Mas, não vá o diabo tecê-las, está a preparar-se a antecipação das próprias alterações ao PDM, invocando-se as possibilidades legais de essas alterações antecipadas se realizarem (alteração simplificada).
Só que isso exige um grande rigôr nessa invocação sob pena de, a reboque de uma urgência que uma parte da Câmara entende existir para certas modificações se operarem, se consumar uma verdadeira revisão do PDM, fora do quadro em que ela é possível.
É a legalidade do processo que está em causa.
Mas se a legislação sobre estas matérias é exigente, isso resulta da importância do que está em vigôr e do impacte na cidade de algumas possíveis alterações.

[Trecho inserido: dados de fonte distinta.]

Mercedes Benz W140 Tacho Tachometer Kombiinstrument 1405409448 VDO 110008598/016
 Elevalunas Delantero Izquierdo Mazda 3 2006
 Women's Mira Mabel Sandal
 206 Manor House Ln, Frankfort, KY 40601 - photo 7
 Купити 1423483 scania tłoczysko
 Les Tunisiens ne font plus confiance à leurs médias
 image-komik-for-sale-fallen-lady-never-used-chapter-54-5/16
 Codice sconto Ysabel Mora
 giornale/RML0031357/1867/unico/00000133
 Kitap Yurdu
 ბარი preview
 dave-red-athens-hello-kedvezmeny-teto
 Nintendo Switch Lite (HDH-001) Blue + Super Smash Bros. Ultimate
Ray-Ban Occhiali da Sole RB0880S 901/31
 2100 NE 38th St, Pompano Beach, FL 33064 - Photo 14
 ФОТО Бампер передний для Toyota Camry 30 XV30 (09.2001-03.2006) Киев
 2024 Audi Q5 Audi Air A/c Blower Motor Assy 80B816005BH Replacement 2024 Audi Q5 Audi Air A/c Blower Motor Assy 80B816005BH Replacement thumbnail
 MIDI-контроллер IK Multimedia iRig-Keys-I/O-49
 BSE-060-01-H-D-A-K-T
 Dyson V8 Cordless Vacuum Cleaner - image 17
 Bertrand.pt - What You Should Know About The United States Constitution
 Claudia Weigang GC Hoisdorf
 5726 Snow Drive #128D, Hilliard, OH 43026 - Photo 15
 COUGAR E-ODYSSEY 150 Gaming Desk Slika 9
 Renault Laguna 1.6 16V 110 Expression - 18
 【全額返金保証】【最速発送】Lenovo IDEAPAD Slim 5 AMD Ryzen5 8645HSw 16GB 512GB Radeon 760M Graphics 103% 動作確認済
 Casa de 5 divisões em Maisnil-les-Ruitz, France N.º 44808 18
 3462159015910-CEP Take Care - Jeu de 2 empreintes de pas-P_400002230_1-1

A possibilidade de alterar usos de terrenos, índices e parâmetros urbanísticos de referência, matérias cujo carácter subjectivo e discricionário têm enorme alcance financeiro e na qualidade de vida urbana, suscita naturalmente a atenção e intervenção dos que entendem, face à complexidade das questões, que devem optar por um esclarecedor debate público e não por “simplificadas” saídas de gabinete...
E também porque é vasto o alcance do que se discute, não podemos confundir construção com desenvolvimento urbanístico nem negócios no imobiliário com desenvolvimento económico. Não podemos transformar em regra o que foi irregularidade e excepção na paisagem urbana, deitar fora o perfil da cidade , as suas características mediterrânicas, os seus sistemas de vistas.
Não podemos, em nome da celeridade e desburocratização, simplificar o alcance do que está em jogo e deixar ir a criança com a água do banho. Porque essa é outra questão, que tem a ver com os meios humanos e o apoio técnico de ponta de que o município tem que dispor e com o estilo do exercício de funções dirigentes. Não confundamos, pois.
A criação de condições adequadas para a reconsideração da estratégia que está subjacente aos instrumentos jurídicos de planeamento em vigôr, não é um preciosismo. É uma responsabilidade devida ao exercício do poder que está a preparar alterações significativas das regras de como se faz a cidade com as respectivas consequências.
Já o dissemos: há quem não use os direitos que hoje tem numa atitude especulativa, que não constrói dentro das regras actuais, mas que construiria noutras, através de uma elevação artificial de valores, de que beneficiariam alguns e não todos, e que arrastariam consequências para os custos de viver na cidade e para a qualidade desse viver.
Saber quem são, o que querem e não querem, quanto querem ganhar entre essas duas atitudes, as vantagens e desvantagens para a cidade das diferentes respostas, é essencial.
Isto não é ultrapassável com lances verbais, que recorrem a chavões como “imobilismos”, “paralisias urbanísticas” e outros do arsenal da feitiçaria e ilusionismo modernos que contribuem apenas para o “faz-de-conta” da participação dos munícipes e o contrabando das questões fundamentais.
Não é com considerandos que carecem de demonstração que se fazem novas leis. Tal como as “manchetes” não dispensam as notícias e respectivos desenvolvimentos. E a ganga ideológica não é separável do que efectivamente se pretende. Andar, no âmbito deste processo, a dizer sobre o PDM que teria provado mal, que teria impedido um coerente ordenamento da cidade e desenvolvimento urbanístico, que exigiria “inúmeros” planos de pormenor, bla, bla, bla, é o mesmo que vender cassetes que, para não serem piratas, têm que ser despistadas e fundamentadas em balanços objectivos que sustentem novas propostas.
Entendemos que a legalidade deve ser respeitada também neste processo, no decurso do normal funcionamento das instituições municipais, nomeadamente pela importância daquilo que está em jogo.